- _Exercise brief_: Look through the data below for the line with "بلوزة الوهرانية فخامة واناقة", and transcribe it exactly together with each line after it up to and including the line with "2017 Dodge Grand". Give nothing else.

- _Material provided_:
*** Block opens ***

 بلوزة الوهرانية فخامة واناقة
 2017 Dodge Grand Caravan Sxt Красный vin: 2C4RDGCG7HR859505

*** Block closes ***
*** Block opens ***

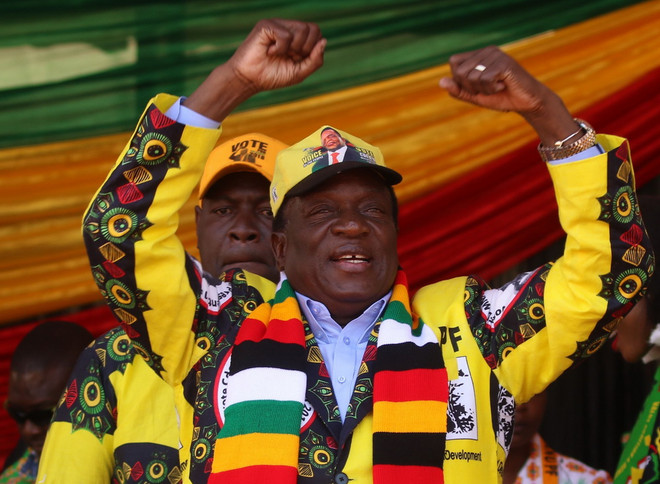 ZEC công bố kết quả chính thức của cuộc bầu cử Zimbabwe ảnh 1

*** Block closes ***

- _Solved problem_:
 بلوزة الوهرانية فخامة واناقة
 2017 Dodge Grand Caravan Sxt Красный vin: 2C4RDGCG7HR859505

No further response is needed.